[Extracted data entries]
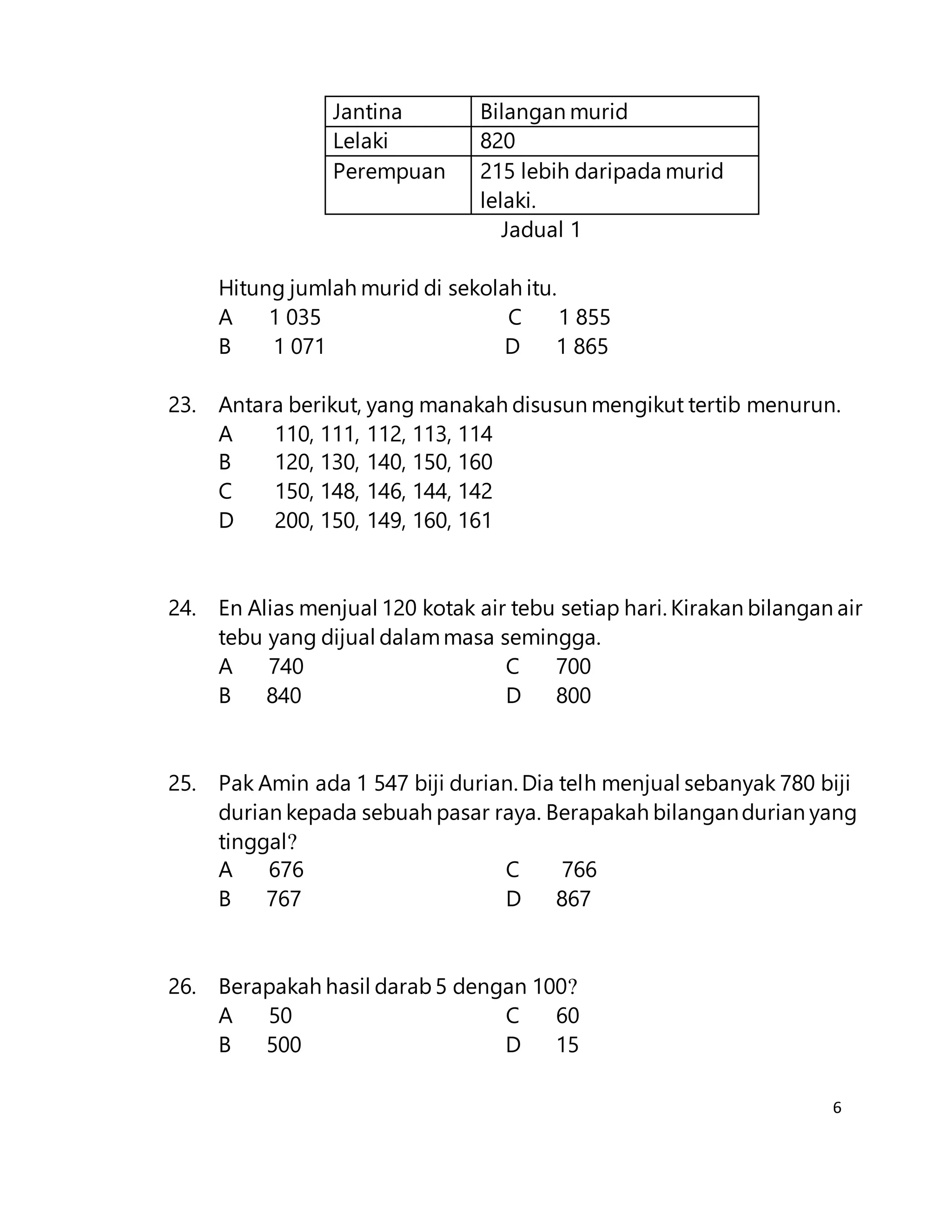 6
Jantina Bilangan murid
Lelaki 820
Perempuan 215 lebih daripada murid
lelaki.
Jadual 1
Hitung jumlah murid di sekolah itu.
A 1 035 C 1 855
B 1 071 D 1 865
23. Antara berikut, yang manakah disusun mengikut tertib menurun.
A 110, 111, 112, 113, 114
B 120, 130, 140, 150, 160
C 150, 148, 146, 144, 142
D 200, 150, 149, 160, 161
24. En Alias menjual 120 kotak air tebu setiap hari. Kirakan bilangan air
tebu yang dijual dalammasa semingga.
A 740 C 700
B 840 D 800
25. Pak Amin ada 1 547 biji durian. Dia telh menjual sebanyak 780 biji
durian kepada sebuah pasar raya. Berapakah bilangandurian yang
tinggal?
A 676 C 766
B 767 D 867
26. Berapakah hasil darab5 dengan 100?
A 50 C 60
B 500 D 15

-- Exercise --
Where the word "yang" appears in a line of the entries, copy that line.

-- Answer box --
23. Antara berikut, yang manakah disusun mengikut tertib menurun.
tebu yang dijual dalammasa semingga.
durian kepada sebuah pasar raya. Berapakah bilangandurian yang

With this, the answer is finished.